Speaker: Blair Lebert
Abstract: Iron’s alpha-epsilon transition, induced by hydrostatic compression around 13 GPa, marks the passage from the well-known bcc, ferromagnetic alpha phase, to the more elusive hcp epsilon phase, whose magnetic properties have been object of study and debate for several decades, their interest spanning from geophysics to the unconventional superconducting state arising at low temperatures. The experimental evidence provided so far has proven to be difficult to reconcile within a single picture and has left room to different theoretical interpretations, ranging from a perfect paramagnet to a long-range ordered antiferromagnetic state.
I will discuss some new experimental results of x-ray emission spectroscopy and neutron powder diffraction, which find appreciable local magnetic moments, but no magnetic long-range order down to very low temperatures (1.8 K) in epsilon iron. I propose an interpretation based on first-principles calculations and classic Monte Carlo calculations, which reveal a ‘spin-smectic’ state lower in energy than previous results. This state forms antiferromagnetic bi-layers separated by null spin bilayers, which allows a complete relaxation of the inherent frustration of antiferromagnetism on a hexagonal close-packed lattice. The magnetic bilayers are likely orientationally disordered, owing to the soft interlayer excitations and the near-degeneracy with other smectic phases. Th e spin-smectic phase may shed some light on the aforementioned contradictions in high-pressure iron and could be integral to explaining its puzzling superconductivity.

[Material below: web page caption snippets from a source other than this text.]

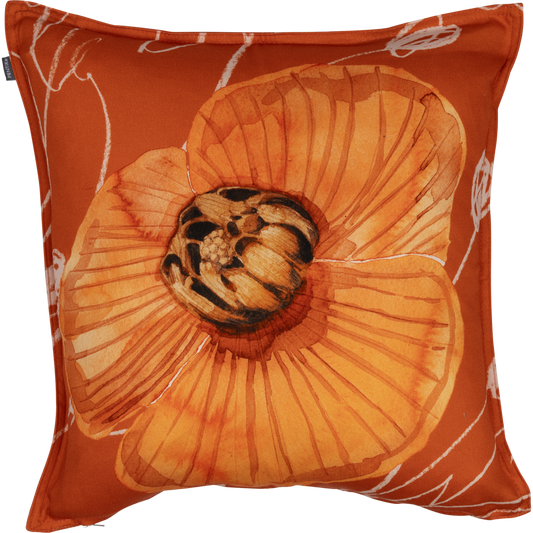 Pentik Haave Tyynynpäällinen oranssi 45x45cm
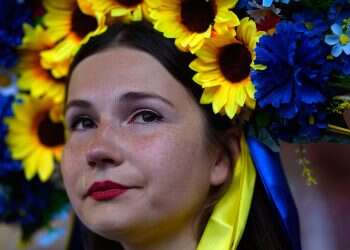 Ukraine Independence Day marred by violence as 22 reported killed in Russian strike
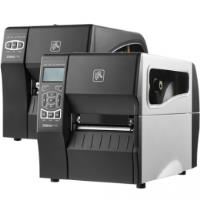 Zebra ZT200 Series ZT230 - Etikettendrucker - monochrom - Thermal Transfer - Rolle (11,4 cm) - 203 dpi - bis zu 152 mm/Sek. - parallel, USB, seriell (ZT23042-T0E100FZ)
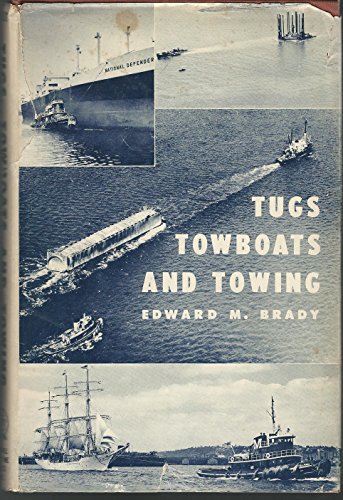 Beispielbild fr Tugs, Towboats and Towing zum Verkauf von Hafa Adai Books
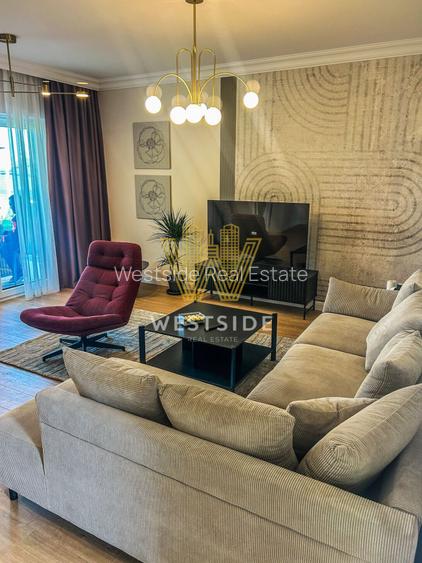 Duplex de vanzare de lux in Mosnita Noua - 7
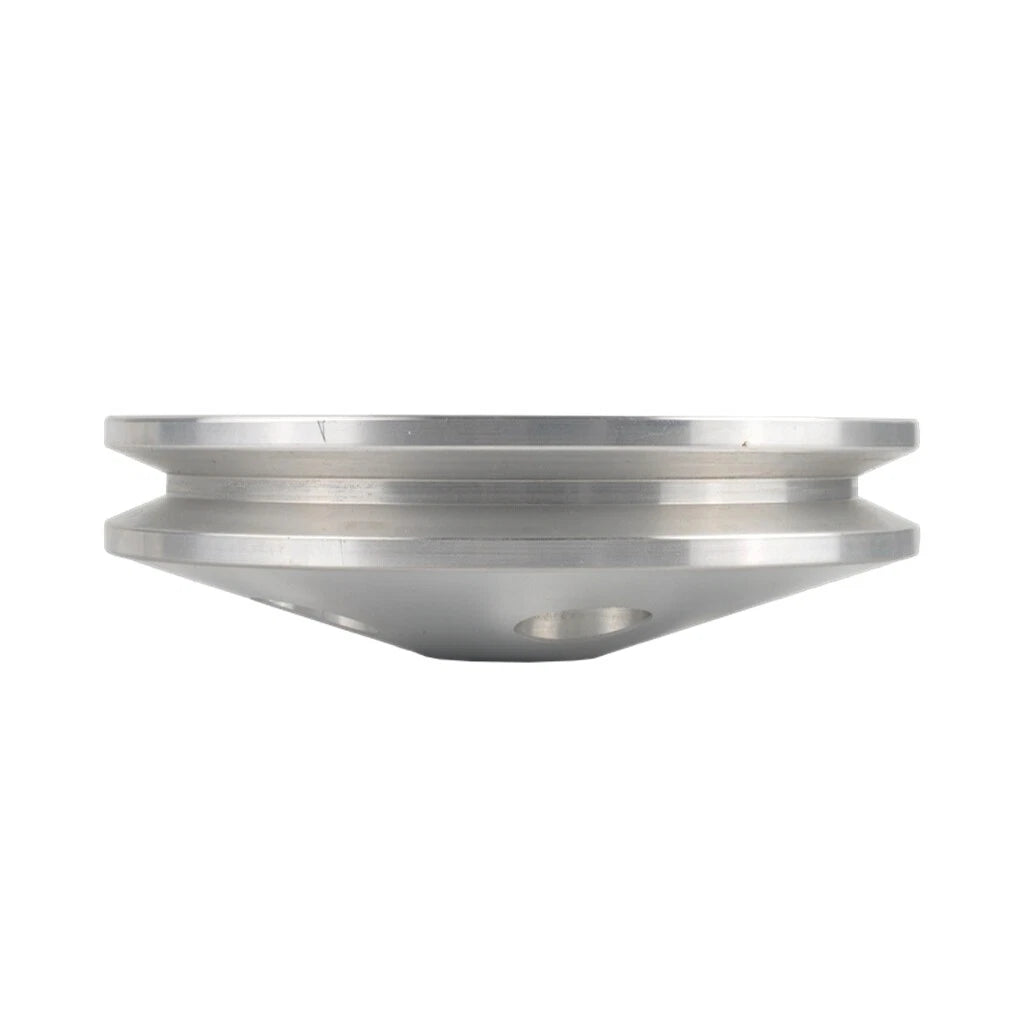 1 Groove Aluminum Power Steering Pulley for Chevy (Saginaw Pump)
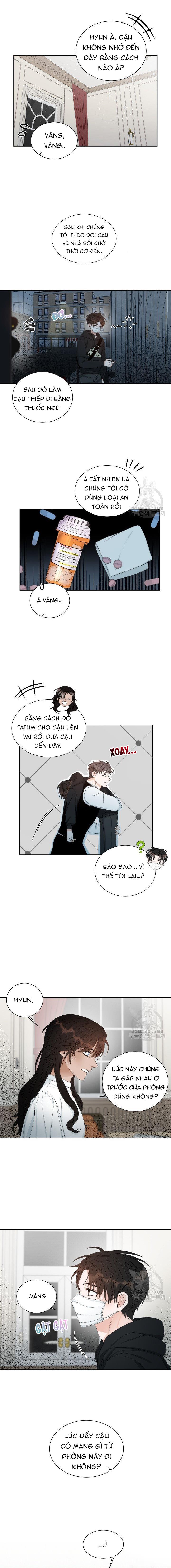 chuyện tình lãng mạn tại manhattan chapter 2 10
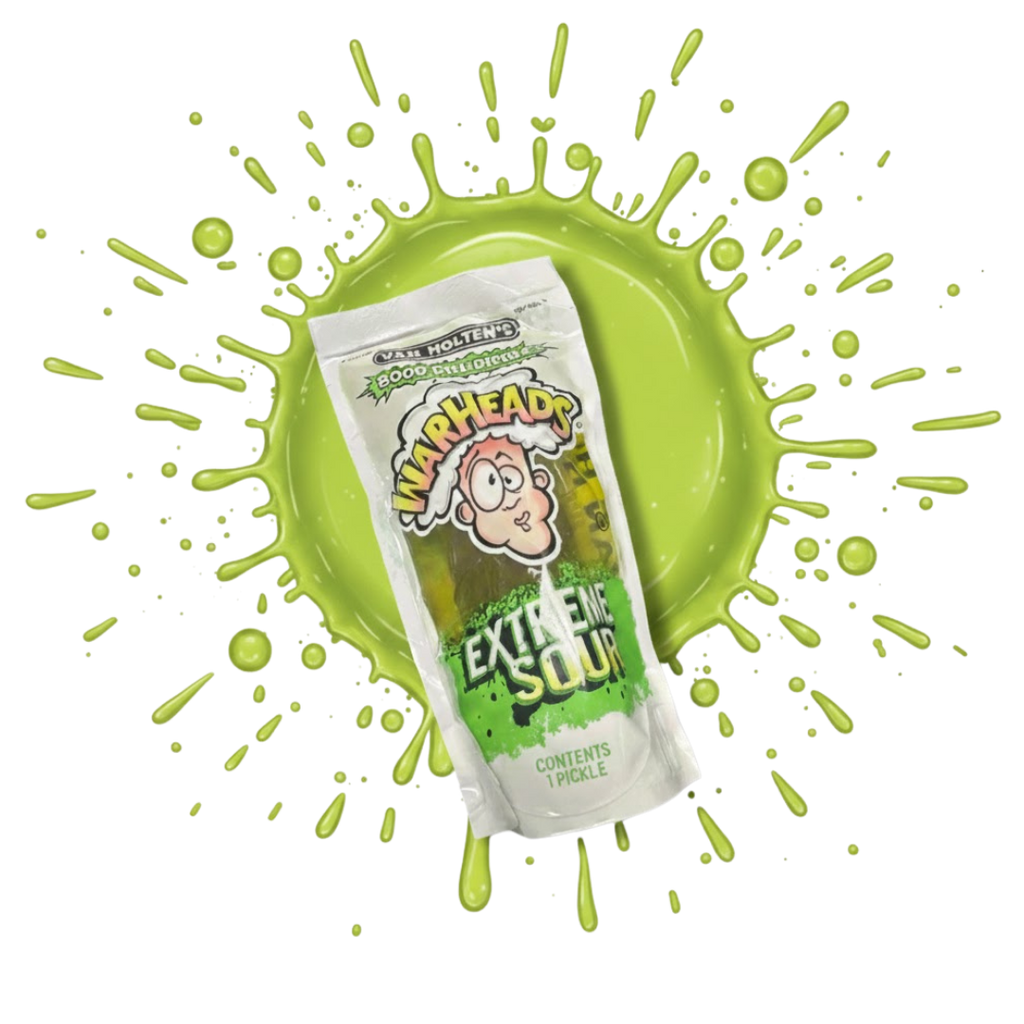 Sour Pickle - Enchilositos Treats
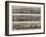 Panorama of the Diamond Fields, Vaal River, South Africa-null-Framed Giclee Print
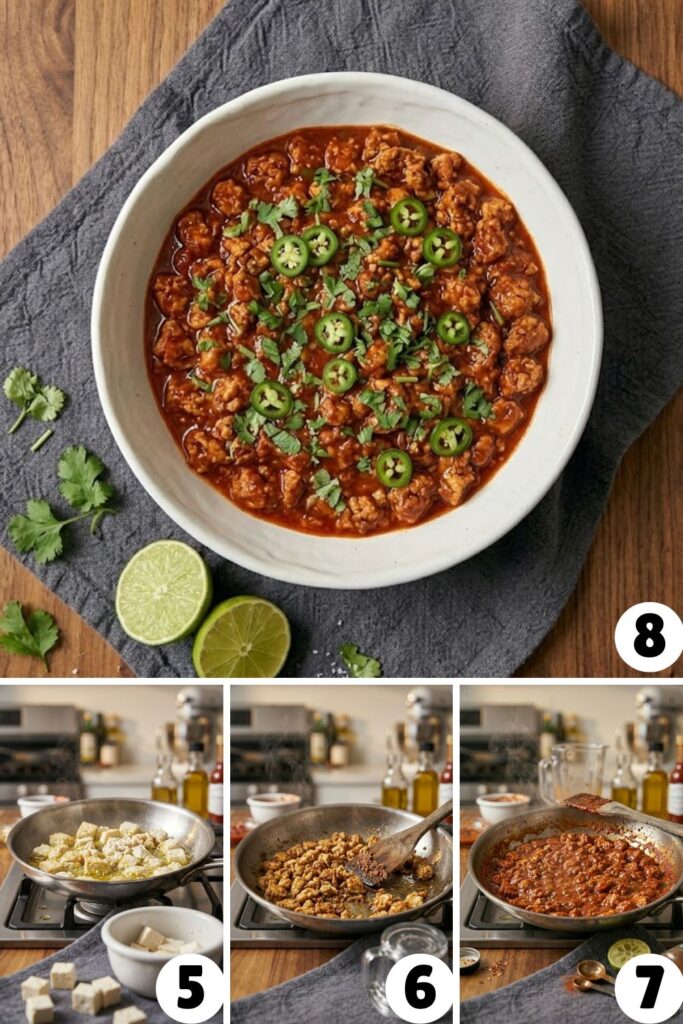 Chipotle Sofrito Recipe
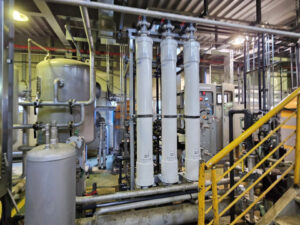 위엔텍, 멤브레인으로 폐수처리 혁신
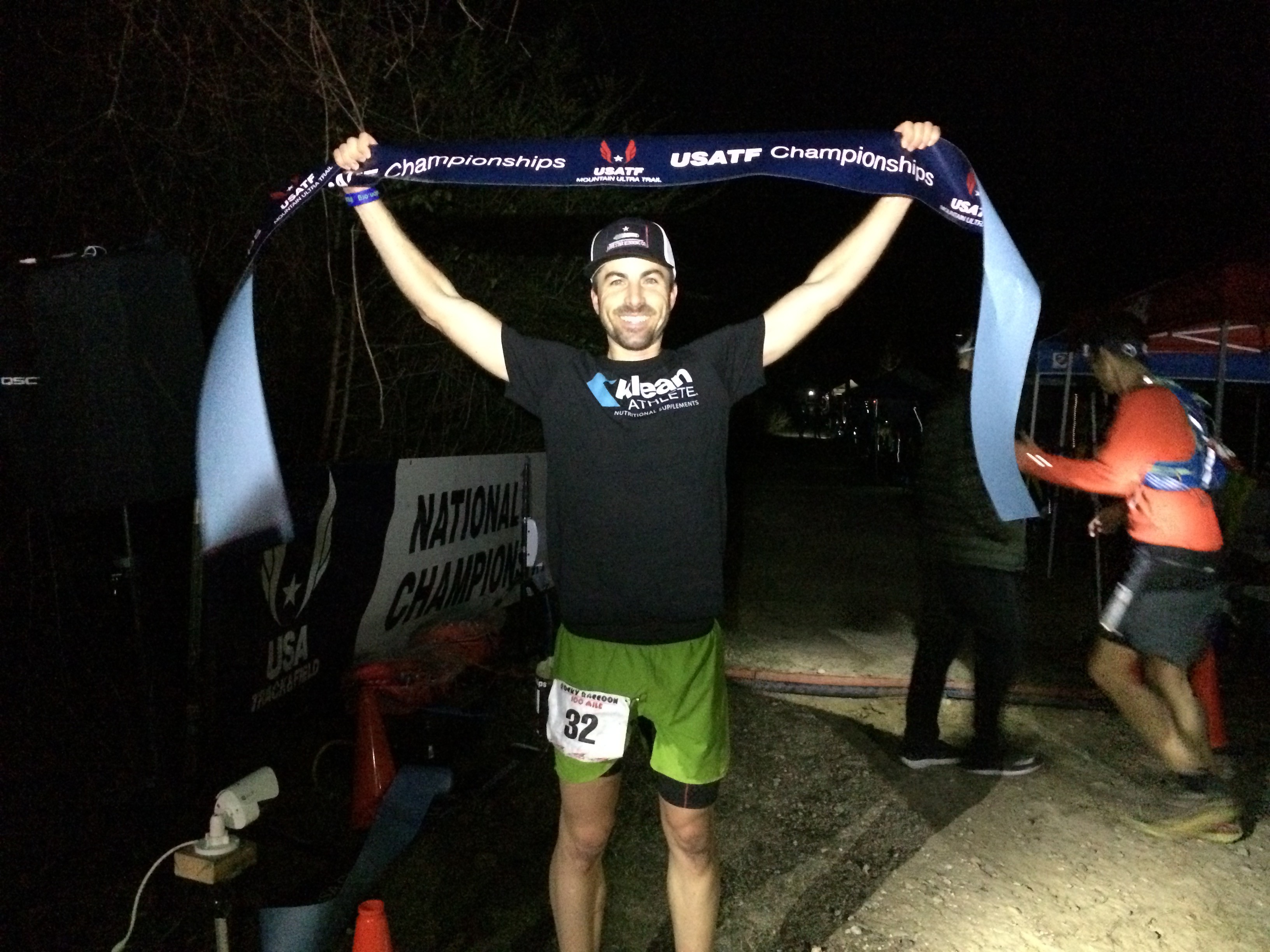  Rocky Raccoon 100 mile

I will speculate about the role of the spin-smectic state in epsilon iron's superconductivity and also discuss the challenges of experimentally confirming this spin-smectic state.
Speaker: Adarsh Patri
Abstract: Symmetry broken phases involving higher order multipolar degrees of freedom are historically referred to as so-called “hidden orders”, due to the formidable task of detecting them with conventional probes. In this talk, we theoretically propose a novel and powerful means to directly probe higher-order symmetry breaking: magnetostriction. To that end, we focus on the family of Pr-based cage compounds with strongly correlated f-electrons, Pr(Ti,V,Ir) 2 (Al,Zn) 20 , whose low energy degrees of freedom are composed of purely higher-order multipoles. Employing a symmetry-constructed Landau theory of multipolar moments, we provide key scaling behaviours of the magnetostriction in a range of temperature regimes. These findings provide a way to have clear access to higher order multipolar moments.
Reference: Nature Communications volume 10, Article number: 4092 (2019).